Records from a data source
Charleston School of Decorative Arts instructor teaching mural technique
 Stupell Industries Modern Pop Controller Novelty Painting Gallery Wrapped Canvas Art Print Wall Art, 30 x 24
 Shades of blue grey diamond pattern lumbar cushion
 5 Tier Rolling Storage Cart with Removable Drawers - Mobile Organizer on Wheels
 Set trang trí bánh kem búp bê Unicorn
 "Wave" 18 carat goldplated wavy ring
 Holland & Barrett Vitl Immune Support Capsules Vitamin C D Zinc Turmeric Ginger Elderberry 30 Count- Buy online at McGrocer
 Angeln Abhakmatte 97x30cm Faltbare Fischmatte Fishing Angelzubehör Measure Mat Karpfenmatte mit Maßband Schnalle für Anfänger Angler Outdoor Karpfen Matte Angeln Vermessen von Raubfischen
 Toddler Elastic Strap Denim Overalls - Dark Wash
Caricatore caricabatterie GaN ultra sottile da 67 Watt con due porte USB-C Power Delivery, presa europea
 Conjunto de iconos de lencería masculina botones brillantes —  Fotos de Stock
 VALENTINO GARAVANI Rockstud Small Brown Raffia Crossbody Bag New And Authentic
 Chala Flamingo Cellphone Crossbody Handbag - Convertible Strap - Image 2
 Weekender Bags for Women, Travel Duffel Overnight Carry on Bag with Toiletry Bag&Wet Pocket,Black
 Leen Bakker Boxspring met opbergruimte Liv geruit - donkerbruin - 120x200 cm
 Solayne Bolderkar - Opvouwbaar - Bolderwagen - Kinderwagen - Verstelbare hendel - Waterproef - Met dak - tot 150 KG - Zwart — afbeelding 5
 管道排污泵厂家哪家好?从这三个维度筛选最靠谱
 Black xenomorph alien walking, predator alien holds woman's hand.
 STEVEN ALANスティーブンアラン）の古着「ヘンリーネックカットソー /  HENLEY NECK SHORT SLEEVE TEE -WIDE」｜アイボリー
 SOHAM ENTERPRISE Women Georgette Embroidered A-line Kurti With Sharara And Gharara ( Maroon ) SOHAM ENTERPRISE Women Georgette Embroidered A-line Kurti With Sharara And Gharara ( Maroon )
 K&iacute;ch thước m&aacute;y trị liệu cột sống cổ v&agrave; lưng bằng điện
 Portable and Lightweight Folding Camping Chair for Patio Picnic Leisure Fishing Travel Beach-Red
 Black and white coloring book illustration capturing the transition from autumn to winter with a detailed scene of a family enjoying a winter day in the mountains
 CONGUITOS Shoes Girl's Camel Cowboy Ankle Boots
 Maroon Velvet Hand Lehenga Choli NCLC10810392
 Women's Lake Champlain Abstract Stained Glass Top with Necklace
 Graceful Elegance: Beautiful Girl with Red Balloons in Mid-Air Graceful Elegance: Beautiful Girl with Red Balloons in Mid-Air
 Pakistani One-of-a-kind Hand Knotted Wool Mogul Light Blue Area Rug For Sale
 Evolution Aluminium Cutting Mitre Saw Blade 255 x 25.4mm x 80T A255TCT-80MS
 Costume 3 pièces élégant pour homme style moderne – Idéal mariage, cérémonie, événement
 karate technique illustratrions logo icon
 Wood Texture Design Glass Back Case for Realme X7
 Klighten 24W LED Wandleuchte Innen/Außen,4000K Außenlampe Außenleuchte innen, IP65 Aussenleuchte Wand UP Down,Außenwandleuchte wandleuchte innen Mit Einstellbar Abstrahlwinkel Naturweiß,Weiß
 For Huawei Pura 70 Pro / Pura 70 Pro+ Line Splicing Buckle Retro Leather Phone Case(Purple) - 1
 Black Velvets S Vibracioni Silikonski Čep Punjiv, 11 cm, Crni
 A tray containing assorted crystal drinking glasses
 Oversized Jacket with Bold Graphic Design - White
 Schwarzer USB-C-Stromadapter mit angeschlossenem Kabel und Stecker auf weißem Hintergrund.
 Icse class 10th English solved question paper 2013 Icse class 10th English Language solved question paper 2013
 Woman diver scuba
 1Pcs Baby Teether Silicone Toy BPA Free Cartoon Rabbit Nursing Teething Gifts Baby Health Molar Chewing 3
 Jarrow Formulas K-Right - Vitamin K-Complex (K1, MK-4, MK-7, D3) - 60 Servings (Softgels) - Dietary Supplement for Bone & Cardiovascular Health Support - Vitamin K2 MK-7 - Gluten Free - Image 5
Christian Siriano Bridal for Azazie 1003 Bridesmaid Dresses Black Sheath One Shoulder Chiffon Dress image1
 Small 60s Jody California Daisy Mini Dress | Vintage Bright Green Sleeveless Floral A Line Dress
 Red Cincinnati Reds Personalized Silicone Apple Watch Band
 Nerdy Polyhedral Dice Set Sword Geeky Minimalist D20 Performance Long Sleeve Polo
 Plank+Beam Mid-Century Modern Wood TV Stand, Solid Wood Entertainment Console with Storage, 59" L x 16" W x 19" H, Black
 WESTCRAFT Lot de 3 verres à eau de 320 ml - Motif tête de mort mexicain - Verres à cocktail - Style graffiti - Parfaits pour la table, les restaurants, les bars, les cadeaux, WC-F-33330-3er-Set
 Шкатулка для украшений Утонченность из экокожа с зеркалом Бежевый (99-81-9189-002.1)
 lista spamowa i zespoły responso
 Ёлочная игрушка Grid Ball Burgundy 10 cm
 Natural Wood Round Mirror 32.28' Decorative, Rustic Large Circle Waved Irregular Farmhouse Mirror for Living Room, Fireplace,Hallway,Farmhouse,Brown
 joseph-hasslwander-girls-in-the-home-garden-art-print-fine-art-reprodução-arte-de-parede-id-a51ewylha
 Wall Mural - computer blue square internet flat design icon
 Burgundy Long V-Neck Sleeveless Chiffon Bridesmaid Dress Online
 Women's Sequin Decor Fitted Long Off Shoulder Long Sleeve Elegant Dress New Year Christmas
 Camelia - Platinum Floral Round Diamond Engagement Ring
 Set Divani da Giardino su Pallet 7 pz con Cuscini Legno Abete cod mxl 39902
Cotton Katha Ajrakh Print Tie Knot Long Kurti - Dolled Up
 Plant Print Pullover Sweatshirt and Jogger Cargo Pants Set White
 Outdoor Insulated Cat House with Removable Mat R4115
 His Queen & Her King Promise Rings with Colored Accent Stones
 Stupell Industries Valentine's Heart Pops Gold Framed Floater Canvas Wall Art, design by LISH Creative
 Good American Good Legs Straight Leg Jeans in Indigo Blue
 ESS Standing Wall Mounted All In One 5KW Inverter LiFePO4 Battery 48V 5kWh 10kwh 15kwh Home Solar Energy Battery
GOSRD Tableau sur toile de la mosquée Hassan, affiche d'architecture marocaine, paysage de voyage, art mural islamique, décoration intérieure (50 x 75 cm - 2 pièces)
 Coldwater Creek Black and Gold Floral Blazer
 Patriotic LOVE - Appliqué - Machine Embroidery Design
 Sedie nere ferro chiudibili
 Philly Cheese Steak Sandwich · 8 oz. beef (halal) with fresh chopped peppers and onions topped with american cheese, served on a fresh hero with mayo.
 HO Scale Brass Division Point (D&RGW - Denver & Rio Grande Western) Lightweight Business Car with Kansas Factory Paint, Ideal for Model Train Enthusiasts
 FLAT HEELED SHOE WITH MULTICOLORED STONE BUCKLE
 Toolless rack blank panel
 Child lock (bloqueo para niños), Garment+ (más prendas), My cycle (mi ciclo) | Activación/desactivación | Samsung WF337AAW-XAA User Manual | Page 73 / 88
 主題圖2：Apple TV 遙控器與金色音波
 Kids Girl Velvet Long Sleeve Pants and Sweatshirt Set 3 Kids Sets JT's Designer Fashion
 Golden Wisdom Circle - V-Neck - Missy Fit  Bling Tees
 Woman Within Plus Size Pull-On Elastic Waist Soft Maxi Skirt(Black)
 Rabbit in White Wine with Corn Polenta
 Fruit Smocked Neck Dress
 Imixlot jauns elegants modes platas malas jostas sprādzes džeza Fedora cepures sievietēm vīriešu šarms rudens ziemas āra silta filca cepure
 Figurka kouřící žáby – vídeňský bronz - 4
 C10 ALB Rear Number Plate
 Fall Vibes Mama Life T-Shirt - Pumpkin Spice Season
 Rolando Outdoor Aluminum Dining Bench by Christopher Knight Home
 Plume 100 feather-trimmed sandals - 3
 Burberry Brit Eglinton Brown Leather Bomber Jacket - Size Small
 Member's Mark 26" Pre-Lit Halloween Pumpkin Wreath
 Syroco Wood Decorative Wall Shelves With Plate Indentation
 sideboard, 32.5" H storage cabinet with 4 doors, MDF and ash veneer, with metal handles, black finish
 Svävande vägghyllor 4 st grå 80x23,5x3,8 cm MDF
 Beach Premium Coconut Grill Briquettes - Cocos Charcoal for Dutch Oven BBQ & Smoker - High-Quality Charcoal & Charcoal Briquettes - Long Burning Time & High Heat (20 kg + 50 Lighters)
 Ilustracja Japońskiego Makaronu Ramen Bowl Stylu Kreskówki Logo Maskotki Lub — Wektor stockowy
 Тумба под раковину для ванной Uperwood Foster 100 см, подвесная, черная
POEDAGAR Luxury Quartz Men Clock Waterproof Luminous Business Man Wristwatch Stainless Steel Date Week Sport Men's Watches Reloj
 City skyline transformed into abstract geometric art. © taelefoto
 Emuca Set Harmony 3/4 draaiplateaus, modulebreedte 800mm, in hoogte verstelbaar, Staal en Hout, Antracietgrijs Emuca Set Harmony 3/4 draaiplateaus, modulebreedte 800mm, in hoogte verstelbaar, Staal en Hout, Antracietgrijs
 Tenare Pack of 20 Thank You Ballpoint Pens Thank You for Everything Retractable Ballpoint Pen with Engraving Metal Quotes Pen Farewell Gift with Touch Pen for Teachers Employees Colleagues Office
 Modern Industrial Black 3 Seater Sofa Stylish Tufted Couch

◆ TRY IT
Above are the lines; repeat exactly the ones from the line containing "C10 ALB Rear Number Plate" down to the line containing "Halloween Pumpkin Wreath", both inclusive.

◆ OUTPUT FOR THIS TASK
 C10 ALB Rear Number Plate
 Fall Vibes Mama Life T-Shirt - Pumpkin Spice Season
 Rolando Outdoor Aluminum Dining Bench by Christopher Knight Home
 Plume 100 feather-trimmed sandals - 3
 Burberry Brit Eglinton Brown Leather Bomber Jacket - Size Small
 Member's Mark 26" Pre-Lit Halloween Pumpkin Wreath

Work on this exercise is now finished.